▸ **TASK REQUIREMENTS**
Let the answer be the lines from the one with "Olympus Camedia C2020Z" to the end of the entries, copied exactly with both boundary lines kept.

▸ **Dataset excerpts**
::::

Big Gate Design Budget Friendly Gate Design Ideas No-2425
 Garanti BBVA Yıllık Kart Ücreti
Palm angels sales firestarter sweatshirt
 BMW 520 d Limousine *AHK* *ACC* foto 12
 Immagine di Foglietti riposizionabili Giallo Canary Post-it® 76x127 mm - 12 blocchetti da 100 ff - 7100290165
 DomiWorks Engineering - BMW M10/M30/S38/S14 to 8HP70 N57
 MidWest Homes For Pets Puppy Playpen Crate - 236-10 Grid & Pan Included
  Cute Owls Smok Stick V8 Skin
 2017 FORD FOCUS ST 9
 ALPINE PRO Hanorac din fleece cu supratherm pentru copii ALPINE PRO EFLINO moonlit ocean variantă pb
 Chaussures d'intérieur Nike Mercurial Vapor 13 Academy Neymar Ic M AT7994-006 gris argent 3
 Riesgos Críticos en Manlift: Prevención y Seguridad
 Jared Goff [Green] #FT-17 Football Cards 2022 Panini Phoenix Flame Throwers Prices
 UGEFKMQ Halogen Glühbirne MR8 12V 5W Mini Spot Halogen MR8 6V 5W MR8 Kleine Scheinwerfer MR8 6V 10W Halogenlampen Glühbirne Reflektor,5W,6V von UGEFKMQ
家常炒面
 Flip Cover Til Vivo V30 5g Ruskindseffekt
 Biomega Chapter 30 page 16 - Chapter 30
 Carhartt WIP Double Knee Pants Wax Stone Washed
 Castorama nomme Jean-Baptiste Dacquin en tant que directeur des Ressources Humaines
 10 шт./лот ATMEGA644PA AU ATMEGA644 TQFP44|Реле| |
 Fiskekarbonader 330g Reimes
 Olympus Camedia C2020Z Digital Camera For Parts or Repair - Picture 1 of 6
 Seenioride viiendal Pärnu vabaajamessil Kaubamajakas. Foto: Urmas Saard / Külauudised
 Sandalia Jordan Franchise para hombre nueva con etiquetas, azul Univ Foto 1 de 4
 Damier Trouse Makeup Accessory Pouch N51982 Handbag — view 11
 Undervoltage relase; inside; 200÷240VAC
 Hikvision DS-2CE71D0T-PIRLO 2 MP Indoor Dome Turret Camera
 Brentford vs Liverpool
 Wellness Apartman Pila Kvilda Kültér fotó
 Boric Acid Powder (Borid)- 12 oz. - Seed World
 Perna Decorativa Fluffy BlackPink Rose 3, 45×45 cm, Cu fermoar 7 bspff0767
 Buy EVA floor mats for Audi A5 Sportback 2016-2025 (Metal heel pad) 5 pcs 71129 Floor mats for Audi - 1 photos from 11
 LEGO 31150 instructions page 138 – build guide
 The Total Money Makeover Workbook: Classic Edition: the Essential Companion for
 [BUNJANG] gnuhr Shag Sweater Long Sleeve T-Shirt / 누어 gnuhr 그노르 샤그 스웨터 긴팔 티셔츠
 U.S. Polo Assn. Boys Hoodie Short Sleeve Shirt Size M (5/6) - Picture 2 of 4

::::

▸ **ANSWER**
 Olympus Camedia C2020Z Digital Camera For Parts or Repair - Picture 1 of 6
 Seenioride viiendal Pärnu vabaajamessil Kaubamajakas. Foto: Urmas Saard / Külauudised
 Sandalia Jordan Franchise para hombre nueva con etiquetas, azul Univ Foto 1 de 4
 Damier Trouse Makeup Accessory Pouch N51982 Handbag — view 11
 Undervoltage relase; inside; 200÷240VAC
 Hikvision DS-2CE71D0T-PIRLO 2 MP Indoor Dome Turret Camera
 Brentford vs Liverpool
 Wellness Apartman Pila Kvilda Kültér fotó
 Boric Acid Powder (Borid)- 12 oz. - Seed World
 Perna Decorativa Fluffy BlackPink Rose 3, 45×45 cm, Cu fermoar 7 bspff0767
 Buy EVA floor mats for Audi A5 Sportback 2016-2025 (Metal heel pad) 5 pcs 71129 Floor mats for Audi - 1 photos from 11
 LEGO 31150 instructions page 138 – build guide
 The Total Money Makeover Workbook: Classic Edition: the Essential Companion for
 [BUNJANG] gnuhr Shag Sweater Long Sleeve T-Shirt / 누어 gnuhr 그노르 샤그 스웨터 긴팔 티셔츠
 U.S. Polo Assn. Boys Hoodie Short Sleeve Shirt Size M (5/6) - Picture 2 of 4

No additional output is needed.